O quartel do Monte Pedral, o Portuense e os políticos que, dizem, o representam

 

Ernesto Martins Vaz Ribeiro

O Monte Pedral é um dos locais mais ligados à história da cidade do Porto e do País.

Por ali se situaram as defesas da cidade, constituídas por redutos liberais, que durante o período conhecido pelo Cerco do Porto defenderam a cidade e o rei legítimo que aqui se barricou entre 1832 e 1834.

O País deve ao Porto a defesa acérrima que conduziu à construção de um regime que transformaria definitivamente Portugal. Mas não me parece que o portuense tenha isso em consideração.

Monte Pedral, quer exactamente referir uma zona elevada e pedregosa o que, em termos militares defensivos, é de extrema importância.

Na altura, a actual Rua da Constituição, a rua que cortou e aplainou o Monte Pedral não existia e toda aquela zona entre a rua de S. Brás e o local por onde hoje passa a rua de Serpa Pinto, era dominada por um elevado monte pedregoso que ainda hoje pode ser notado na zona do quartel dos bombeiros.

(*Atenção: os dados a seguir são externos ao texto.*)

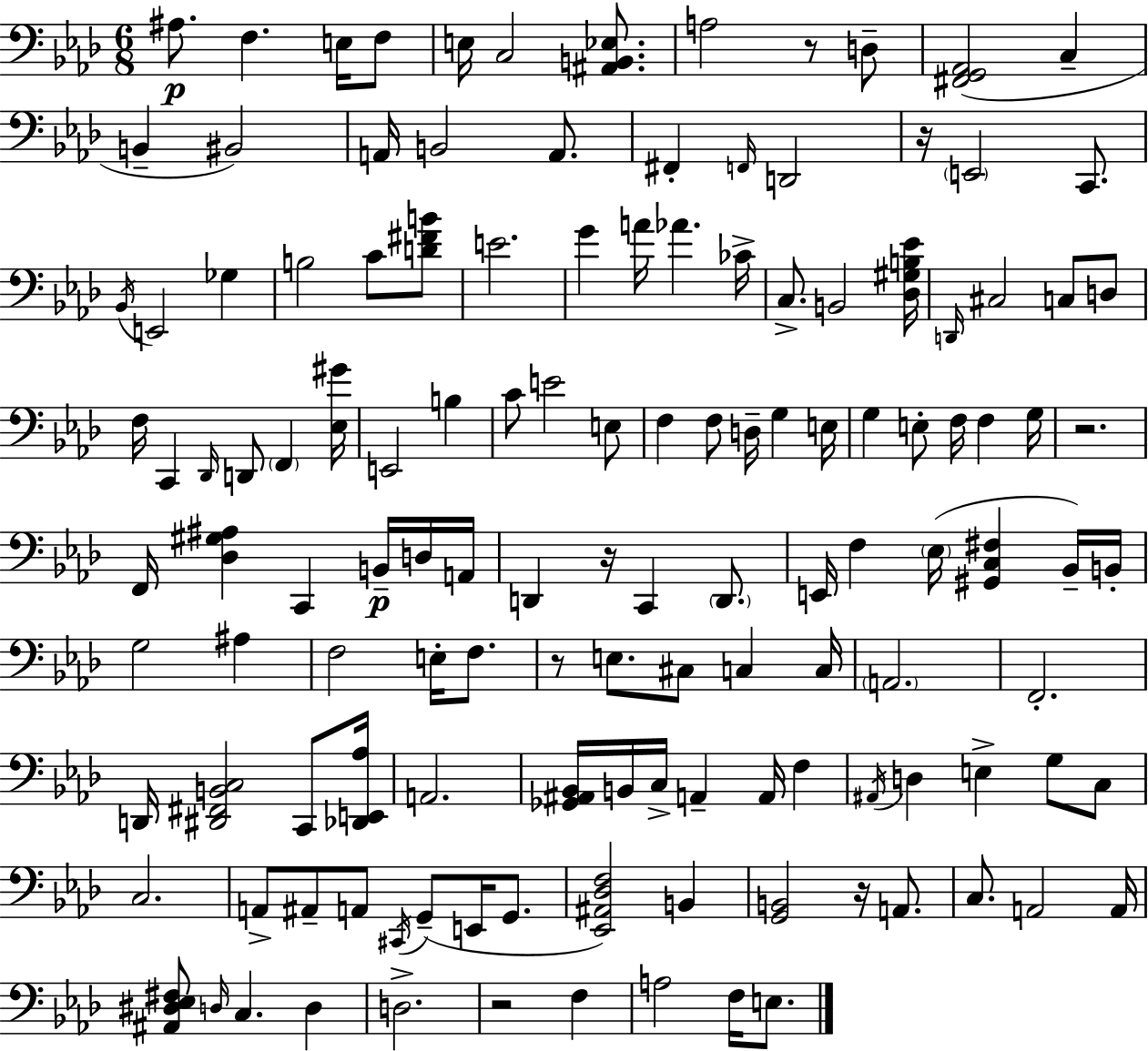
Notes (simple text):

A#3/e. F3/q. E3/s F3/e E3/s C3/h [A#2,B2,Eb3]/e. A3/h R/e D3/e [F#2,G2,Ab2]/h C3/q B2/q BIS2/h A2/s B2/h A2/e. F#2/q F2/s D2/h R/s E2/h C2/e. Bb2/s E2/h Gb3/q B3/h C4/e [D4,F#4,B4]/e E4/h. G4/q A4/s Ab4/q. CES4/s C3/e. B2/h [Db3,G#3,B3,Eb4]/s D2/s C#3/h C3/e D3/e F3/s C2/q Db2/s D2/e F2/q [Eb3,G#4]/s E2/h B3/q C4/e E4/h E3/e F3/q F3/e D3/s G3/q E3/s G3/q E3/e F3/s F3/q G3/s R/h. F2/s [Db3,G#3,A#3]/q C2/q B2/s D3/s A2/s D2/q R/s C2/q D2/e. E2/s F3/q Eb3/s [G#2,C3,F#3]/q Bb2/s B2/s G3/h A#3/q F3/h E3/s F3/e. R/e E3/e. C#3/e C3/q C3/s A2/h. F2/h. D2/s [D#2,F#2,B2,C3]/h C2/e [Db2,E2,Ab3]/s A2/h. [Gb2,A#2,Bb2]/s B2/s C3/s A2/q A2/s F3/q A#2/s D3/q E3/q G3/e C3/e C3/h. A2/e A#2/e A2/e C#2/s G2/e E2/s G2/e. [Eb2,A#2,Db3,F3]/h B2/q [G2,B2]/h R/s A2/e. C3/e. A2/h A2/s [A#2,D#3,Eb3,F#3]/e D3/s C3/q. D3/q D3/h. R/h F3/q A3/h F3/s E3/e. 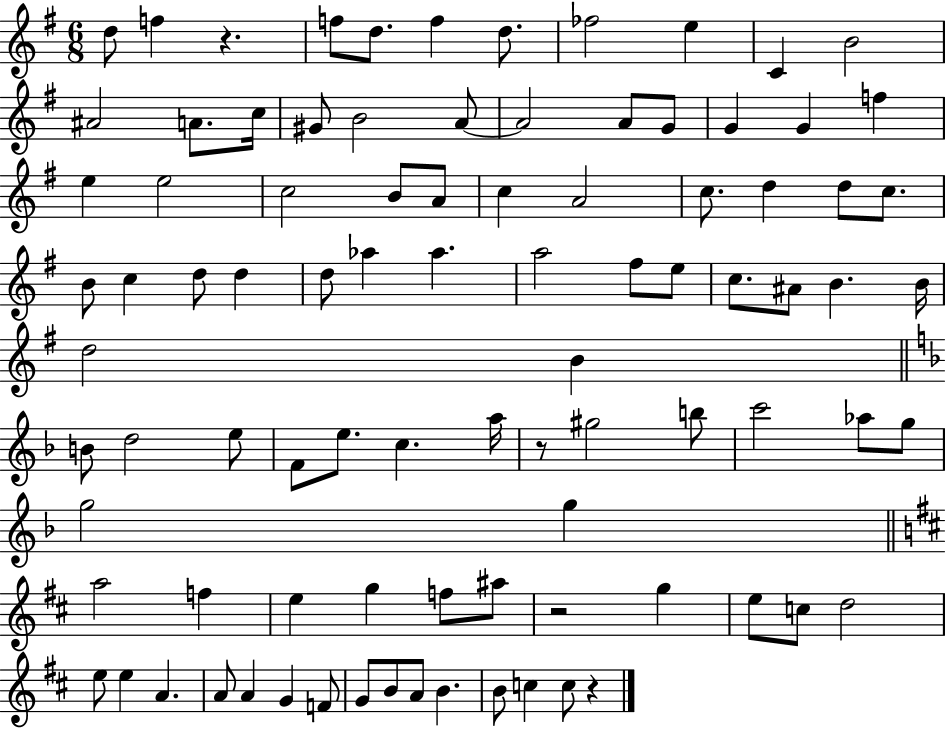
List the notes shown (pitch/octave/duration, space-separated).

D5/e F5/q R/q. F5/e D5/e. F5/q D5/e. FES5/h E5/q C4/q B4/h A#4/h A4/e. C5/s G#4/e B4/h A4/e A4/h A4/e G4/e G4/q G4/q F5/q E5/q E5/h C5/h B4/e A4/e C5/q A4/h C5/e. D5/q D5/e C5/e. B4/e C5/q D5/e D5/q D5/e Ab5/q Ab5/q. A5/h F#5/e E5/e C5/e. A#4/e B4/q. B4/s D5/h B4/q B4/e D5/h E5/e F4/e E5/e. C5/q. A5/s R/e G#5/h B5/e C6/h Ab5/e G5/e G5/h G5/q A5/h F5/q E5/q G5/q F5/e A#5/e R/h G5/q E5/e C5/e D5/h E5/e E5/q A4/q. A4/e A4/q G4/q F4/e G4/e B4/e A4/e B4/q. B4/e C5/q C5/e R/q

Esse monte era coroado pelo poderoso forte do Monte Pedral, que tinha outras defesas na vizinhança, como o forte de S. Brás, sensivelmente no local onde se situa o actual e abandonado quartel, o forte do Covelo, na quinta do mesmo nome, o forte da Aguardente, na actual praça do Marquês e o forte que ocupava sensivelmente o local onde se levanta o denominado quartel do Monte Pedral, havendo contudo muitas outras baterias defensivas nas imediações.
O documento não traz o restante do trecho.